Die Jugendlichen aus der sozialökologischen Lebenswelt verfügen über ein großes Repertoire an sozialkritischen Positionen, üben oft fundamentale Kritik und formulieren recht deutlich den postmateriellen Wertekatalog mit Freiheit, Gleichberechtigung, Nachhaltigkeit etc. „Der Nachwuchs hat hier ein starkes Sendungsbewusstsein und will andere überzeugen, was wichtig ist“, sagt Dinkelaker. So nimmt es nicht wunder, dass sich die Jugendlichen hier als Klassensprecher und in sozialen Projekten engagieren. Luxus und Überfluss werden verurteilt, weil sie den Charakter verformten, Chancengleichheit und Solidarität werden eingefordert.
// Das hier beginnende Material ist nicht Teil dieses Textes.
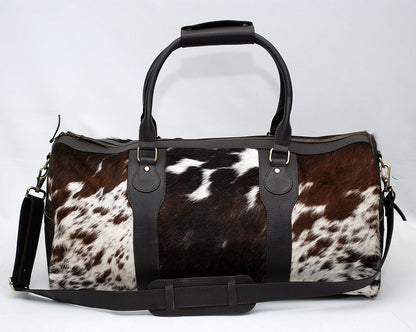 Cowhide Hair On Leather Overnight Bag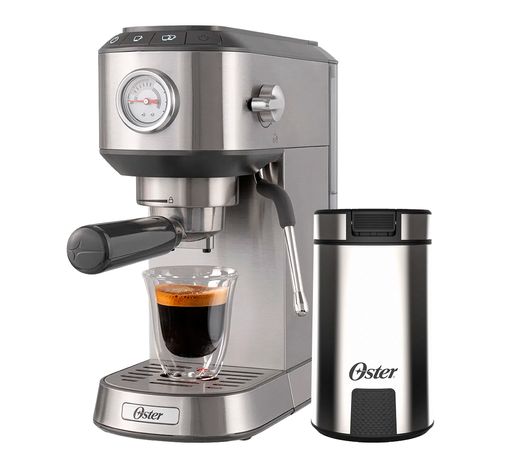 Kit Cafeteira Espresso Compacta e Moedor de Café Oster Menor preço em Kit Cafeteira Espresso Compacta e Moedor de Café Oster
Erfolg heißt hier: keine persönliche Karriere zu verfolgen, sondern Gutes für andere zu tun. Die Jugendlichen bewundern glückliche Menschen, die ihren Idealen leben, Vorbildern sind häufig Künstler, Schriftsteller, auch Politiker. Mädchen schätzen starke und durchsetzungsfähige Frauen in ihrem Umfeld. Die Sozialökologischen möchten keine Streber sein, wollen aber anerkannt sein in der Peer-Group: Schule sehen sie als wichtig an – ebenso den Beruf, der Berufung sein soll und Sinn machen muss. Sie hören gerne AnnenMayKantereit, Manu Chao, Plain White T’s, Coldplay, Philipp Dittberner, Gentleman und Max Herre.

 

Gechilltes Leben mit markenbewusstem Konsum

Materialistische Hedonisten haben einen angestrebten niedrigen Bildungsabschluss, möchten Spaß und ein gechilltes Leben, bemängeln die Langeweile des Alltags. Ihnen sind Partys und Shoppen wichtig, „sie legen Wert auf Repräsentation, weshalb hier Konsum vor Sparsamkeit kommt“, sehr markenbewusst eingekauft wird, gerne Modeschmuck. Fastfood steht hoch in der Gunst. Bücher spielen hier keine Rolle. Die Jugendlichen folgen dem bürgerlichen Lebenstraum von Familie, möchten in der Nähe des Heimatorts in einem Neubaugebiet leben, ihren Kindern mit einem guten Beruf etwas Besseres bieten – „der Aufstieg wird wichtig“. Sie leiden unter ihrem niedrigen Bildungsabschluss und dem damit verbundenen Stellenwert. Schule spielt in der Freizeit kaum eine Rolle, sie hoffen, später durch Fleiß aufzuholen. Viele arbeiten als Zeitungsausträger, in einem Fitnessstudio oder im Betrieb der Eltern.

 

Anspruchsvolle Konsumenten

In der Regel sind die Jugendlichen aus der expeditiven Lebenswelt mit einem guten Selbstwertgefühl ausgestattet und verfügen über ein gehöriges Selbstdarstellungspotenzial. „Sie lieben das Unkonventionelle, brauchen kreative Gestaltungsfreiräume, mit steifer Bürokratie kann man sie jagen.“ Sie feiern ihre eigene Differenz und Vielheit und wollen Karriere machen. „Diese Jugendlichen sind die flexibelsten, pragmatischsten, sie akzeptieren die Wettbewerbsgesellschaft“, resümiert Dinkelaker. Sich selbst bezeichnen sie als urbane und kosmopolitische Hipster mit klaren Zielen. Sie möchten das finanzielle Morgen schon heute haben, ebenso eine selbstbestimmte Sexualität. Die Expeditiven sind anspruchsvolle Konsumenten, die selber entscheiden möchten, welchen Sport, welche Musik sie machen, welchem Club sie beitreten wollen.